[SUPPLIED INFORMATION — start]
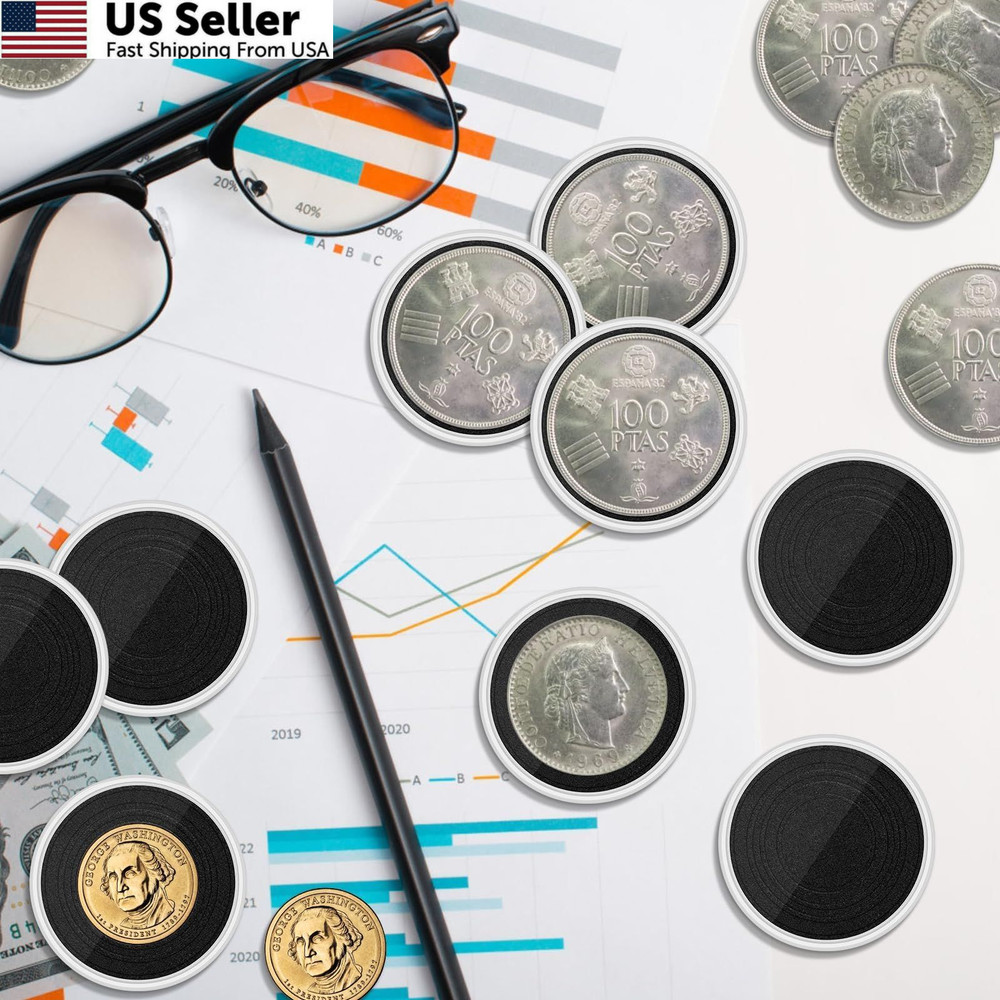Fansunta 120 Pcs Silver Dollar Coin Holders, Clear Round Plastic Cases...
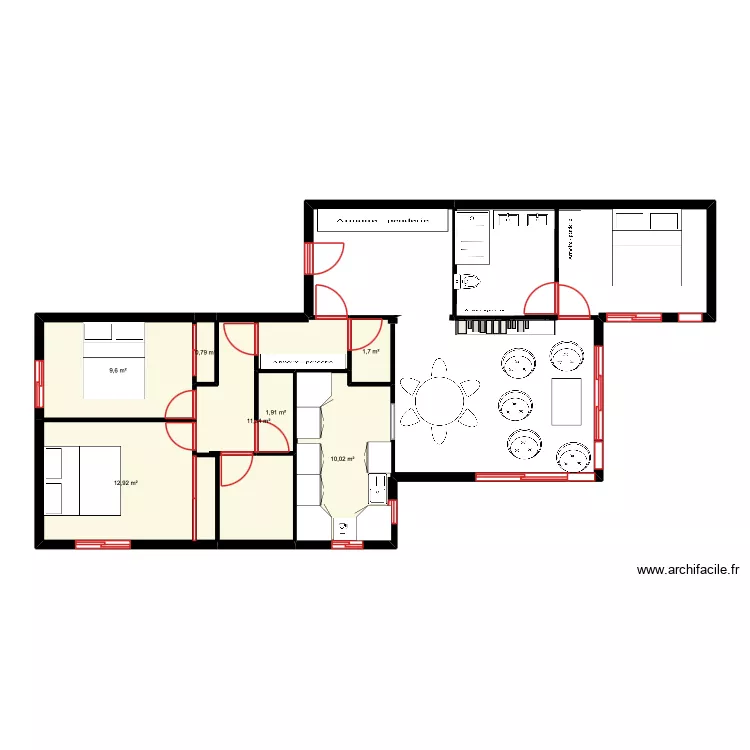 appart 2 monet. Plan de 7  et 48 m²
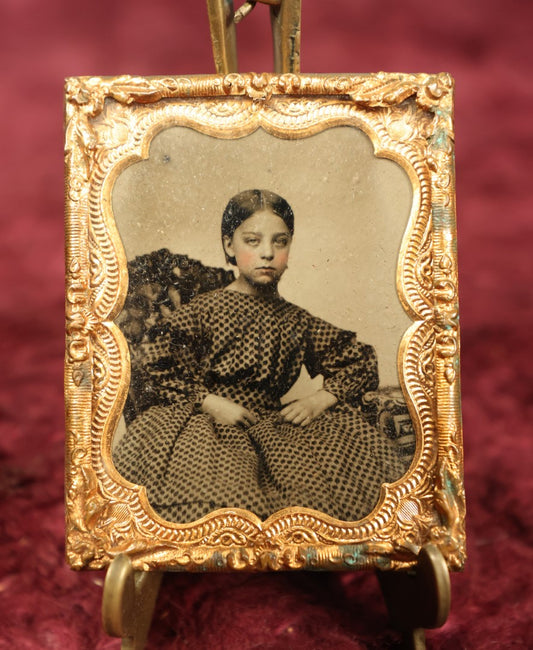 Lot 017 - Antique 1/9th Plate Ruby Ambrotype Photograph Of Pretty Young Girl With Serious Expression, Polka Dot Dress, Rosy Tinted Cheeks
[SUPPLIED INFORMATION — finish]
What you give back should be exactly the lines from the line holding "appart 2 monet." through the final line of the material, both ends included, and please leave out the pictures.

 appart 2 monet. Plan de 7  et 48 m²
 Lot 017 - Antique 1/9th Plate Ruby Ambrotype Photograph Of Pretty Young Girl With Serious Expression, Polka Dot Dress, Rosy Tinted Cheeks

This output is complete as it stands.